Arrangements are being made by both the government and the marchers to prepare for the upcoming Azadi March. According to the reports, the twin cities Islamabad and Rawalpindi will be sealed at several main junctions with the use of shipment containers. Around 100 containers will be needed in around 10 locations in and around the Red Zone. The police have decided to block each of the Expressway’s connecting roads from both sides from Faizabad to the Koral flyover. All the connecting roads of Rawalpindi to I.J. Principal Road will also likely be sealed. This entire exercise of sealing the cities will disrupt life for the residents and cause all the economic activity in the cities to come to a halt.

Protests of political parties and the management of the government now need to evolve in order to continue the smooth functioning of daily routine of the residents. All political protests end up choking the capital city - a situation that the country can neither afford nor propagate. There is no timeline for the March either which means that the government will be spending out of its own pocket to put up these containers. According to the officers, each container costs more than Rs5,000 a day to rent. Along with the financial losses, the losses of the domestic market are also counterproductive to the narrative of both, the government and the protestors.

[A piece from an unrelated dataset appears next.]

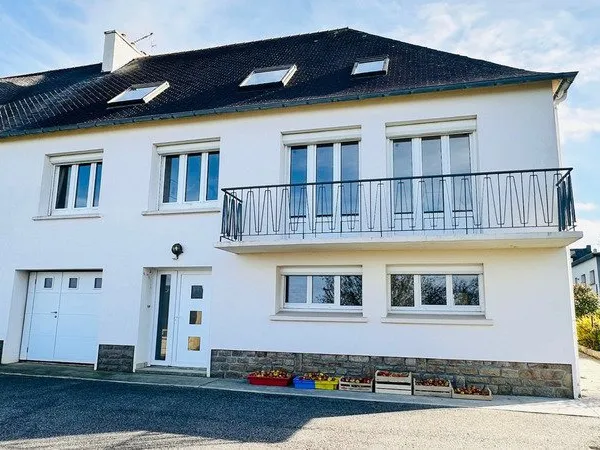 LANVEOC - Magnifique maison traditionnelle avec vue panoramique sur la rade de Brest, à proximité du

At the same time, there is always a risk of a law and order situation. Protestors being prompted to take up arms or indulge in violence against the state will not be a healthy narrative for any side. At this point, the police have more than 1,000 gas masks, 200 teargas launchers and 13,000 shells available in the logistics division armoury along with enough batons, plastic helmets, riot jackets, riot shields, shin guards and arms, if needed. Rangers and Punjab Constabulary (PC) personnel will assist the police if the law and order situation deteriorates during the Azadi March. The entire exercise sets the wrong precedent for the onlookers. Bringing the cities to a halt should not be any party’s go-to move or the government’s intention at the time of chaos. The government and the protestors should sit at the negotiation table as soon as possible to minimise the damage to the economy and find a political solution that eases out tensions on both sides.